*** Provided data Section Begins ***

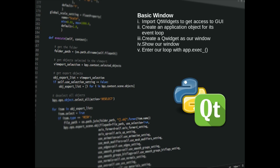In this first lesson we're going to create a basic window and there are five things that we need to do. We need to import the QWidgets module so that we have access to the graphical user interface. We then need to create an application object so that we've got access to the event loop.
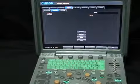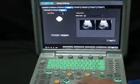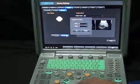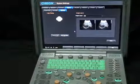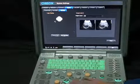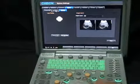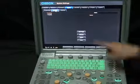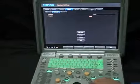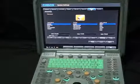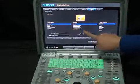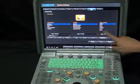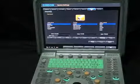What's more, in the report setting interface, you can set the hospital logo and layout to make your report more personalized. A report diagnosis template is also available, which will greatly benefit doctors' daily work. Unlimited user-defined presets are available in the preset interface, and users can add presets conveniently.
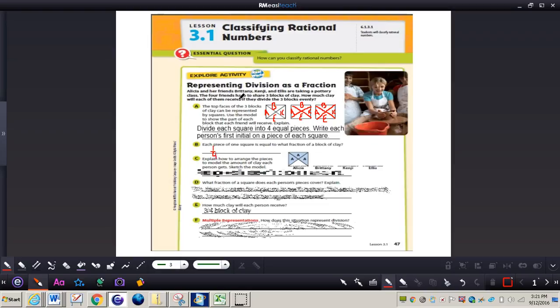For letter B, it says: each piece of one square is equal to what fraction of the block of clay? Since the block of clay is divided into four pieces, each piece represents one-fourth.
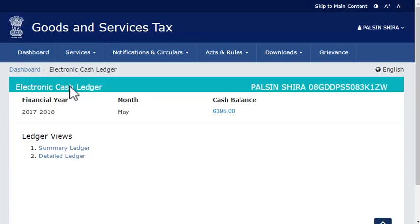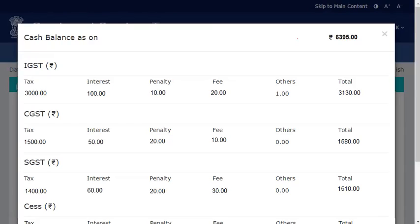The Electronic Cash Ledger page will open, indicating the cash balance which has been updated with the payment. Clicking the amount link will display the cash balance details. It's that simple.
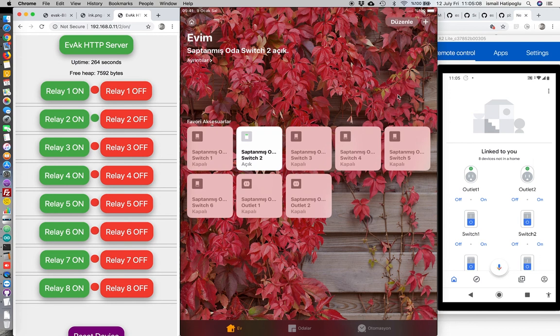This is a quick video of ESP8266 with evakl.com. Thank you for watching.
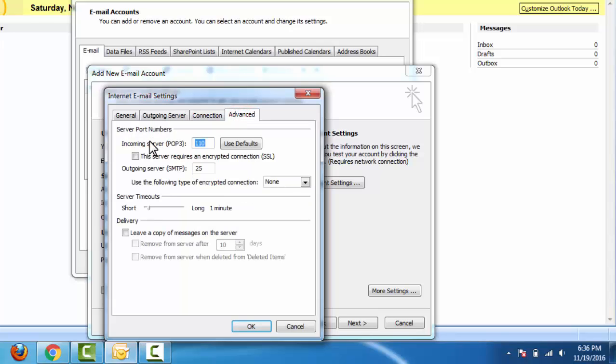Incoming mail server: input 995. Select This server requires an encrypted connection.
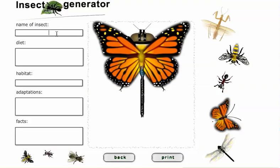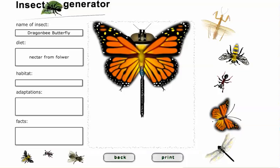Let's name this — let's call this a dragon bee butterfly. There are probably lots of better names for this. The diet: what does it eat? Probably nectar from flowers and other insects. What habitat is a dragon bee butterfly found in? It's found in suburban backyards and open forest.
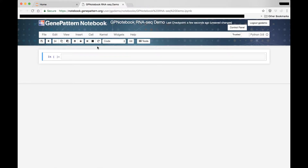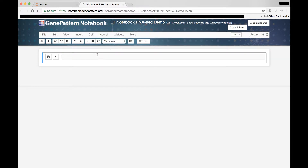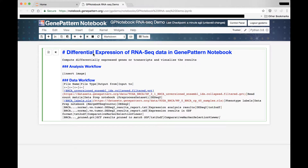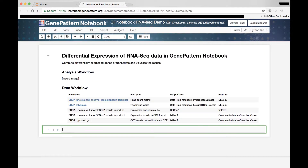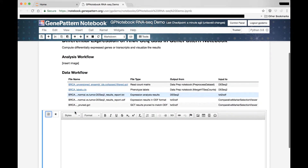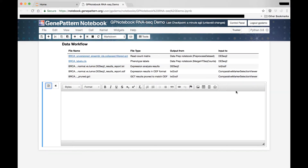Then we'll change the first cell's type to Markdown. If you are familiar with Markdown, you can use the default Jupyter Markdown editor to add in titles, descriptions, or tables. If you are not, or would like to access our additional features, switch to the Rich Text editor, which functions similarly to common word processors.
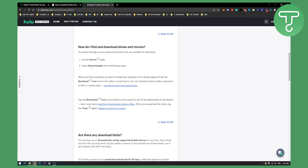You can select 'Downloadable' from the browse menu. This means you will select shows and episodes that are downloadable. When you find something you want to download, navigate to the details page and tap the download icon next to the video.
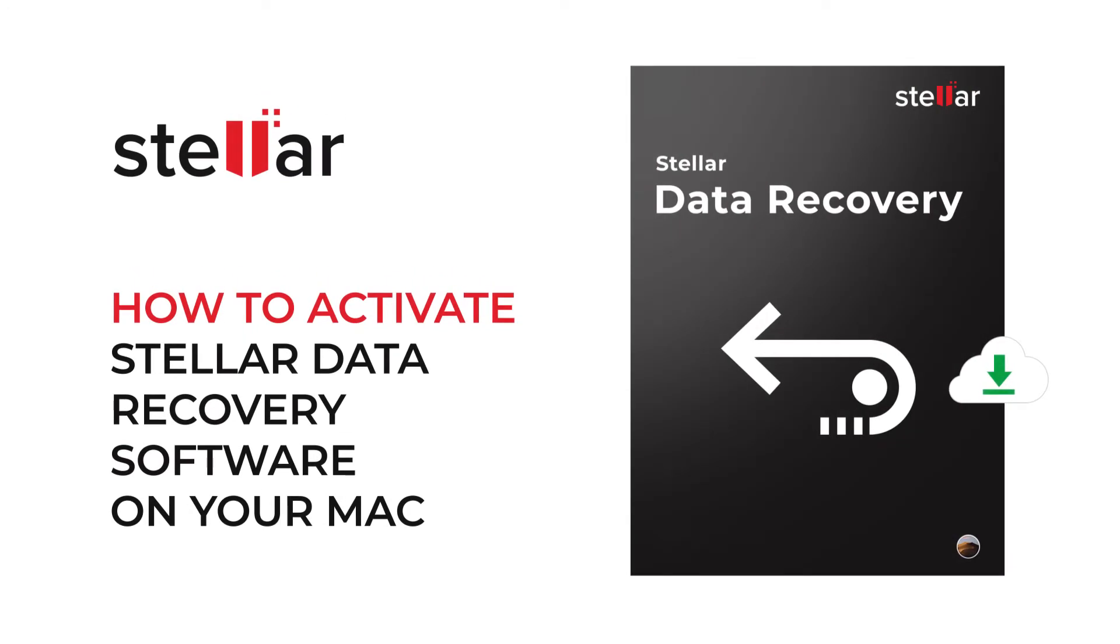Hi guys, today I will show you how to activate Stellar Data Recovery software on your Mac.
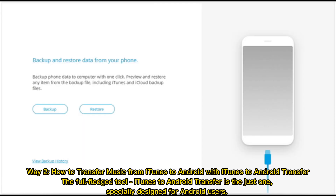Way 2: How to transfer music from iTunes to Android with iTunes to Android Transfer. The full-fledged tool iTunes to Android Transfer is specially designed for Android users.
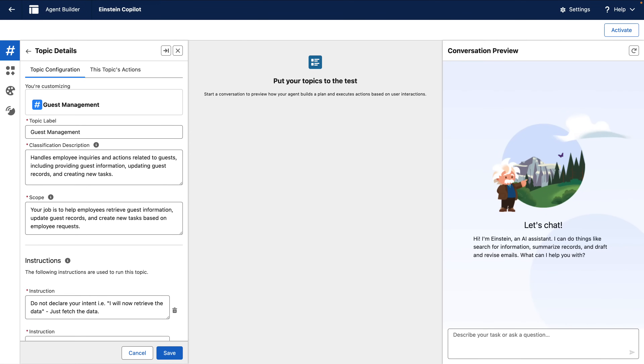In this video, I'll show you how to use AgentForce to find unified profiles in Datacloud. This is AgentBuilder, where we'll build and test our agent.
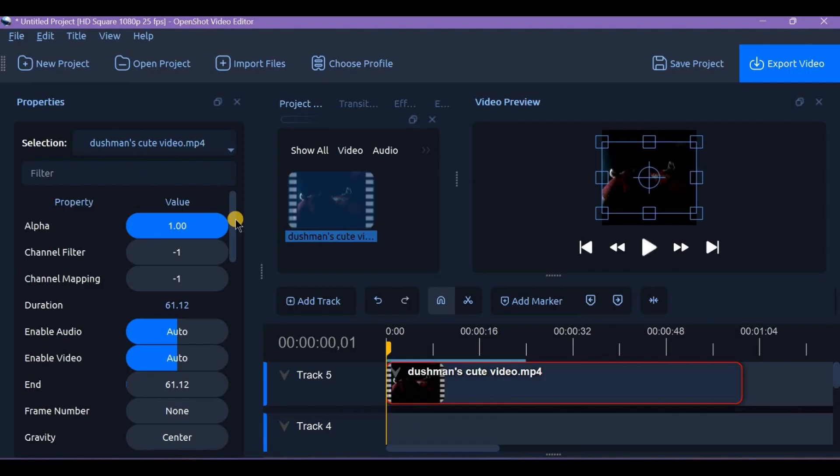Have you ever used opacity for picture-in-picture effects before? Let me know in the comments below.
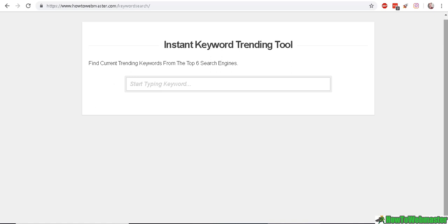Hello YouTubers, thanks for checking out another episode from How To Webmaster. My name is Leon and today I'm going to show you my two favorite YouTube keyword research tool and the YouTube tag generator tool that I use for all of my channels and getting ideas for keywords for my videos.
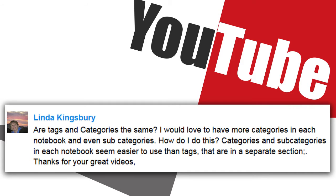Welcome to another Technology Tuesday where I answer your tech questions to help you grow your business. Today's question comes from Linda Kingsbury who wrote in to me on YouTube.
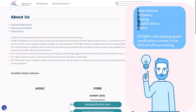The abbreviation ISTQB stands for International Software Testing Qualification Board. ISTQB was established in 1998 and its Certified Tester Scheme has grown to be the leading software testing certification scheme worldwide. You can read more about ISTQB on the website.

*** Provided data Section Ends ***
*** Provided data Section Begins ***

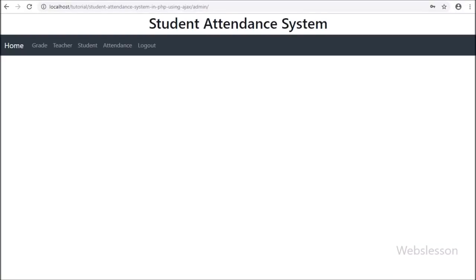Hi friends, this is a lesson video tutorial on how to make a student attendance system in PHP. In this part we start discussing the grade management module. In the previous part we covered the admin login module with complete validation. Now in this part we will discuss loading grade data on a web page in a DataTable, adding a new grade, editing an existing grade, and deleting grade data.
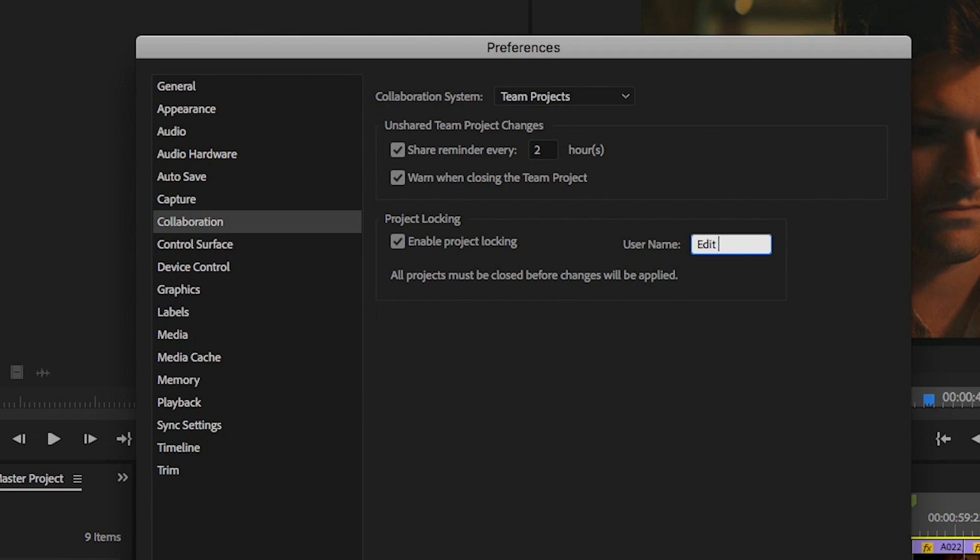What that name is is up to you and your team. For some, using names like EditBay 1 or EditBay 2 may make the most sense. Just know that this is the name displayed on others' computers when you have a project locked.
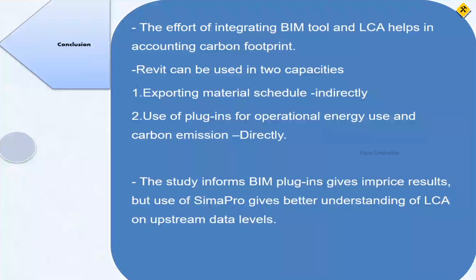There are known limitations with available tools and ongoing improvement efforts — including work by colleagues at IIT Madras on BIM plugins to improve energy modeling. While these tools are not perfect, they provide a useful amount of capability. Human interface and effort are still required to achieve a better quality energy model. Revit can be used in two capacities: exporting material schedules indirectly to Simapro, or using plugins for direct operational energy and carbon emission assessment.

*** Provided data Section Ends ***

Exercise details: The lines above starting at the one that holds "Hi friends, this" and ending at the one that holds "There are known" are to be written out exactly, ends included, and no pictures are to be copied.

Problem solution:
Hi friends, this is a lesson video tutorial on how to make a student attendance system in PHP. In this part we start discussing the grade management module. In the previous part we covered the admin login module with complete validation. Now in this part we will discuss loading grade data on a web page in a DataTable, adding a new grade, editing an existing grade, and deleting grade data.
What that name is is up to you and your team. For some, using names like EditBay 1 or EditBay 2 may make the most sense. Just know that this is the name displayed on others' computers when you have a project locked.
There are known limitations with available tools and ongoing improvement efforts — including work by colleagues at IIT Madras on BIM plugins to improve energy modeling. While these tools are not perfect, they provide a useful amount of capability. Human interface and effort are still required to achieve a better quality energy model. Revit can be used in two capacities: exporting material schedules indirectly to Simapro, or using plugins for direct operational energy and carbon emission assessment.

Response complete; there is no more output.